Stulberg: There’s a lot of research that shows that shows that for sustainable, really fulfilling happiness, it is advantageous to take on meaningful things over pure pleasure. Anyone who’s ever gone from not running to training for a marathon hates the first month, but then most of them fall in love with it because they’re doing something challenging that’s meaningful. If you’re truly just in a rut where you’re only finding happiness in pleasure, take on something a little more meaningful and know that the first little while is really hard, but there’s a lot of — decades — of science that shows that meaning leads to a different kind of, and perhaps even more fulfilling, happiness.
Along these lines, the last section is about finding and articulating your purpose, and it kind of drives the rest of the book. You’re not going to implement anything else in the book in a long-term way if you’re not tuned in to your deeper motivation.

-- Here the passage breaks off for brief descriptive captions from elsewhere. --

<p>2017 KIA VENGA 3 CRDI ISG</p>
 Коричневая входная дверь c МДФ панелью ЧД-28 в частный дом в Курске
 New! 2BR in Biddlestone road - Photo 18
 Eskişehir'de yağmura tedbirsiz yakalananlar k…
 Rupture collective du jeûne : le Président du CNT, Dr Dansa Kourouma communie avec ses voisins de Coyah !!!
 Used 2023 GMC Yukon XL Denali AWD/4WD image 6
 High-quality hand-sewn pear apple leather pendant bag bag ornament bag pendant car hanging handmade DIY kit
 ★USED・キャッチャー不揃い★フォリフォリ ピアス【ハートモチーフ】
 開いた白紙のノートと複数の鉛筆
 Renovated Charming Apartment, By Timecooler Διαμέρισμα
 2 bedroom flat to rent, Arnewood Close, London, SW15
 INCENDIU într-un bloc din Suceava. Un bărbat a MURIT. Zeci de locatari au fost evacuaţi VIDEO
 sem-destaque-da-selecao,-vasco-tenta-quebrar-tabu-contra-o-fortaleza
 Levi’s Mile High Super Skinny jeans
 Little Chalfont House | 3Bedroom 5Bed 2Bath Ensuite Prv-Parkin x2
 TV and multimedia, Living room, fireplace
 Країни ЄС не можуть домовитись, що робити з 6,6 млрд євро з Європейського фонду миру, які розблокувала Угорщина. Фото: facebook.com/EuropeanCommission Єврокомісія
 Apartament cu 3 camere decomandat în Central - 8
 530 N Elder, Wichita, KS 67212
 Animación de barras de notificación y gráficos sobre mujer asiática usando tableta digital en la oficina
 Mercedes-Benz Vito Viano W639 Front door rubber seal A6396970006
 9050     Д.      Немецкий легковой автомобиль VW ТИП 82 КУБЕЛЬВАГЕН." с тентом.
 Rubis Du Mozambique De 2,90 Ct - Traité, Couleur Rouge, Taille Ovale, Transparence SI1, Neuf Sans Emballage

Magness: I think that’s why that section is last in the book. We look at all these tools and tricks and what it means to be productive, but purpose is almost the the best performance-enhancing activity or idea that you can have. It supersedes everything. If you have a purpose or a reason for doing so, you’re going to push further. We hear stories of moms lifting cars up so that their kid who’s trapped under can get out and everyone kind of laughs those stories off but there are documented cases of those. In the research, they call those hysterical strength and the reason those happen is because that purpose, that meaning, is so strong that the body essentially goes, forget all our checks and balances on this, let’s go, everything you’ve got. And to a smaller degree we can kind of tap into that in our everyday life. When motivation goes low, the thing that works consistently and continually is not thinking about, hey, if I do this I’m going to get a bonus or I’m going to get a reward. It’s about coming back and reflecting on why you are doing this: I’m doing it so support my kid or put him through college or give him a better opportunity. Having that purpose to fall back on is incredible.
Let’s go back to the original equation – stress + rest = growth. What does growth mean in a nonathletic, everyday context? What’s the end goal here for the average person?
Stulberg: Growth for a nonathlete is working toward one’s full potential in expressing your best self and feeling good about it. And I know it sounds very New Age–y and self-help-y but it’s just something to look forward to and to feel good about — to know that you’re pushing in a direction that is fulfilling, makes you feel good, and makes you feel like you’re working at your best.